Народу скопилось — тьма. Тут тебе и русские мужики с пустыми санями которые еще долго таскались пока вся грязь не засохнет по дорогам, и татары в тюбетейках, и важные сарты с тюками. А поодаль — кочевье. Юрты на тех же санях да скрипучих арбах, стойкий запах кошмы, курдючного сала, курта и кумыса.
И вот, откуда ни возьмись, отделяется от толпы аксакал. Древний, как сама степь, лицо — печеное яблоко, в глазах — вечность и абсолютное презрение к суете (и к законам физики заодно). Ведет он верблюда. А на верблюде, меж горбов, восседает его байбише — старшая, почтенная жена, закутанная в шелка и бархат, как драгоценный куль с изюмом с вавилонской башней из платков у себя на голове.
Казак ему путь преграждает: — Куда прешь, старый? Аташка, сказано — закрыто! Потопнешь к шайтановой матери! А дед на него смотрит сквозь прищур и, видать, думает: «Ты здесь, служивый, сто лет стоишь, а мой род здесь тысячу лет ходит. Ертic меня знает, Иртыш меня не тронет». Махнул он рукой, что-то буркнул на своем найманском наречии — мол, не учи ученого, — и двинул верблюда прямо на потемневший лед. Казаки только плюнули: «А, пёс тобой, тони, коли охота!»
И вот, представьте сцену. Тишина повисла над берегом такая, что слышно, как льдины шепчутся. Идет величественный корабль пустыни по зыбкой тверди. Шаг, другой, третий… Анисья, девчонка совсем, вцепилась в тулуп отца, глаза распахнула — страшно и интересно.
Прошли шагов двадцать.

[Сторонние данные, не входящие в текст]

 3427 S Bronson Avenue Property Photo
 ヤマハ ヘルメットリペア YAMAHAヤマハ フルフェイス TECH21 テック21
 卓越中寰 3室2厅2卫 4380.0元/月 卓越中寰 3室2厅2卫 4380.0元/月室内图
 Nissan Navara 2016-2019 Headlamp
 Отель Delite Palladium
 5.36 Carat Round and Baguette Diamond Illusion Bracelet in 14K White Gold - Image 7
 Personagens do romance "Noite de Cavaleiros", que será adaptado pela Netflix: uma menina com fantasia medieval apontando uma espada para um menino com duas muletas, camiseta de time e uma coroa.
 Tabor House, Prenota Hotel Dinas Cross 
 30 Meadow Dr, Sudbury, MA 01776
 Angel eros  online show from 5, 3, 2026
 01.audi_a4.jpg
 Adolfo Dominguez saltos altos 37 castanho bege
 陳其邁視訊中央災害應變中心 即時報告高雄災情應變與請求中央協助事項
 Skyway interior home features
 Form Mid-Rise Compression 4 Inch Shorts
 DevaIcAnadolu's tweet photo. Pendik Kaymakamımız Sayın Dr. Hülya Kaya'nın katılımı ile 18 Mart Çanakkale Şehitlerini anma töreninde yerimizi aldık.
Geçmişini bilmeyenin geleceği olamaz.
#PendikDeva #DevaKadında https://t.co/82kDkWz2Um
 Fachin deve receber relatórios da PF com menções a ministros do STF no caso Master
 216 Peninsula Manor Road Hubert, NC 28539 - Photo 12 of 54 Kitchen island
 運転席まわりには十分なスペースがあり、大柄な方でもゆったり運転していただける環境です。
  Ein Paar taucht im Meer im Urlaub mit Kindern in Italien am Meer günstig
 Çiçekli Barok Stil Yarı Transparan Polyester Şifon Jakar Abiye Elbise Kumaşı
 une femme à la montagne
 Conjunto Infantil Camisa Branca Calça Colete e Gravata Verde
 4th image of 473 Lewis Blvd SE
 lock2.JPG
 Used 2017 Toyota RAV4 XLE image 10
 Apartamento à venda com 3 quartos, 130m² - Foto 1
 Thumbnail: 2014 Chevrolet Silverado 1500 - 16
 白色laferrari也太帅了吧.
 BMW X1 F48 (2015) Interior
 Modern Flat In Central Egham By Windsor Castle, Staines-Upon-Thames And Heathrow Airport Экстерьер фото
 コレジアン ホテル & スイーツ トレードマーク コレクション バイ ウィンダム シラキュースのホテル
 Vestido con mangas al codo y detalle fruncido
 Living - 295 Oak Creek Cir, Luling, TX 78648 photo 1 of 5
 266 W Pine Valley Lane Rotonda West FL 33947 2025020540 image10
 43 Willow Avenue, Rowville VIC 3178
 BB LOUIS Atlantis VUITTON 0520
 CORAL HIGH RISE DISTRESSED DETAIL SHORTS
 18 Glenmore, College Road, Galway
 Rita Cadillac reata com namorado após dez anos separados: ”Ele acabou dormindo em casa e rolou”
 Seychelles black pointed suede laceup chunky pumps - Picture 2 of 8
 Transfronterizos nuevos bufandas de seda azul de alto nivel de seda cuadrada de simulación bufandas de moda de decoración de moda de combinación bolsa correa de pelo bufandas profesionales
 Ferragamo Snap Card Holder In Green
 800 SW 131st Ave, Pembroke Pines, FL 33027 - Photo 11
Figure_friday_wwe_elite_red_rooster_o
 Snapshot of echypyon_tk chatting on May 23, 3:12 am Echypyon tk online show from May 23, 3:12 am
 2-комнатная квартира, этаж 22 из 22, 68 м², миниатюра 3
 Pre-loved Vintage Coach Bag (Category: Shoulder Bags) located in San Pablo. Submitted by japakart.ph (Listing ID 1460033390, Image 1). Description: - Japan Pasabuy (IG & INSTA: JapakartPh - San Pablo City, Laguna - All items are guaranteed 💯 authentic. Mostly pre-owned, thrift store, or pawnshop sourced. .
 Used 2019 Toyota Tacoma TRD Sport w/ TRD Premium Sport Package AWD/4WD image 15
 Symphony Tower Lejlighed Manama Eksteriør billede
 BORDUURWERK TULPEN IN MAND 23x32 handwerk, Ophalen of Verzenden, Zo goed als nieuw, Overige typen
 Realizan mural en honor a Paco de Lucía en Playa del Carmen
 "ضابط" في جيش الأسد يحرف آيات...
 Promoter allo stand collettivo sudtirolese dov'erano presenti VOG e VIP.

Фарватер реки тут меняется каждый год. В прошлом году был там, а нонче здесь, теченье гуляет как хочет. И вот — предательский хруст, похожий на выстрел. Лед под верблюдом не просто проломился, он «развязался», разошелся, как гнилая ткань. Огромная туша животного вместе с восседавшей на нем байбише ухнула в ледяную черноту.
Иртыш в том месте быстрый, коварный, течение - верст пять в час — это вам не шутки. Даже «ой-бой» сказать не успели. Только чалма мелькнула, даже пузырей не было. Смыло их мгновенно, утащило под ледяной панцирь, в темное царство налимов и осетров.
Толпа ахнула. Казаки шапки сняли, перекрестились. Женщины завыли.
А что же аксакал? Он остановился у самого края полыньи. Постоял минуту, глядя в черную, бурлящую воду, где только что исчезло всё его семейное счастье и значительная часть движимого имущества. Лицо его не дрогнуло - ни единой эмоции. Ни одна морщинка не изменила своего географического положения.
Он медленно набрал в рот воздуха, смачно, с чувством глубокого философского удовлетворения, харкнул прямо в центр полыньи, поправил свой тулуп и… спокойно пошел дальше, на левый берег. Один. Пешком.
Потому что, как говорится, Аллах дал — Аллах взял. А верблюды нынче дороги, жены еще есть у него - новую искать не придется… Но переправа-то, в сущности, состоялась.
Вот так, и мы по жизни идем. Казаки кричат «Нельзя!», здравый смысл кричит «Опасно!», а мы премся на лед со своим скарбом. И когда все рушится, только и остается, что плюнуть в полынью и идти дальше. Ибо хотя и Memento Mori, друзья мои, но жить-то надо.